RU2390500C1 - Method of purifying aqueous solutions from arsenic and concomitant heavy metals - Google Patents

Abstract

FIELD: chemistry. ^ SUBSTANCE: invention relates to methods of purifying waste water and other aqueous acidic solutions containing arsenic and heavy metals: chromium, manganese, iron, nickel, copper, zinc, strontium, cadmium and lead and can be used in chemical, metallurgical, mechanical and other industries, having toxic water containing the said metals in concentration exceeding the maximum permissible concentration value. Aqueous solutions are treated in two steps with removal of the residue formed after each step. At the first step precipitation is carried out with iron ions and then oxidation, subsequently bringing the level pH to 6.5-7.0, and at the second step precipitation is carried out with ferric ions, subsequently bringing the pH level to 10.0-10.5. ^ EFFECT: invention increases efficiency of removing arsenic and concomitant metals from waste water in form of insoluble compounds and bringing concentration of the metals and arsenic in the purified water to values below their maximum permissible values. ^ 2 tbl, 3 ex

Description

The invention relates to the treatment of industrial wastewater from compounds of arsenic and related heavy metals, which include: chromium, manganese, nickel, zinc, strontium, cadmium, lead. This invention can be used in various technological processes in the chemical, metallurgical and engineering industries.

A known method of removing arsenic from production in the form of calcium arsenate, including the precipitation of dissolved arsenic with lime milk (Chizhikov D.M. Metallurgy of heavy metals // Removal of tin, arsenic and antimony by alkaline refining. - M.-L .: Publishing House of the USSR Academy of Sciences, 1948, chap. 18, p. 265 and 266). The disadvantage of this method is that after the precipitation of arsenic in the mother liquor, there is still a sufficient amount of it, arsenic in dissolved form enters the groundwater and adversely affects the environment.

There is a method of removing arsenic from arsenic-containing materials by precipitation of dissolved arsenic in a neutral medium with a precipitant, which is used iron sulfate +3 in a weight ratio of 3.5-5.5: 1 to dissolved arsenic, and for the conversion of Fe + 2 ions to Fe + 3, As + 3, an oxidizing agent, such as pyrolusite, is used in As + 5 (Patent RU No. 2226562, class C22B 30/04 C02F 1/62, 2004). This patent is taken as a prototype. As a result, iron arsenate +3 is obtained as a precipitate, which is insoluble in water and can be stored without polluting the environment. In the solution after precipitation of arsenic, 0.33 g / l remained; arsenic recovery was 97.18%.

The disadvantage of the method adopted for the prototype is the purification of aqueous solutions only of compounds of arsenic, compounds of heavy metals remain in solution.

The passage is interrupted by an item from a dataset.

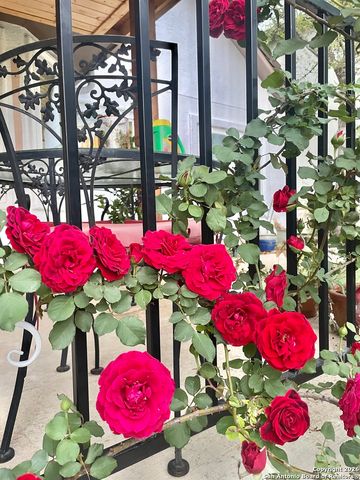 29607 Terra Bella, Boerne, TX 78015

The objective of the invention is the purification of aqueous solutions or wastewater not only from arsenic, but also from a number of metals associated with arsenic, the concentration of which in wastewater exceeds the maximum permissible concentration (MPC) - chromium, manganese, nickel, zinc, strontium, cadmium, lead .

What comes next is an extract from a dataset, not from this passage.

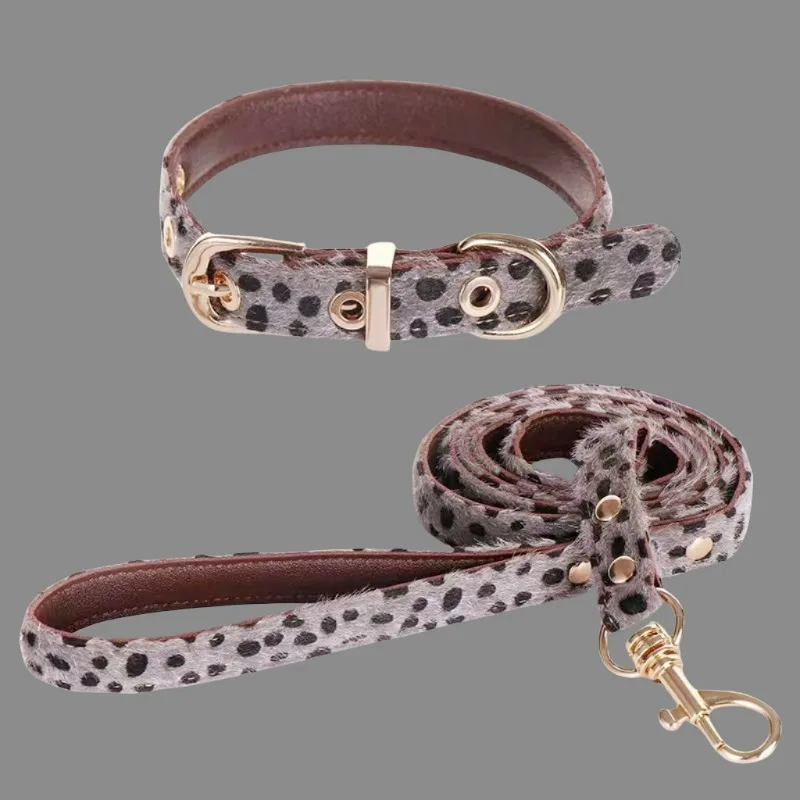 Thumbnail 3 - #59 Best Adjustable Pet Collars to Buy In 2026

The problem is solved in that in the method of purification of aqueous solutions of arsenic and associated heavy metals, including sequential precipitation of sparingly soluble compounds with iron ions in the presence of an oxidizing agent, the treatment of purified aqueous solutions is carried out in two stages with the removal of the precipitate formed after each stage, while in the first stage The pH of the treated solution is 6.5-7.0, and in the second stage, 10-10.5.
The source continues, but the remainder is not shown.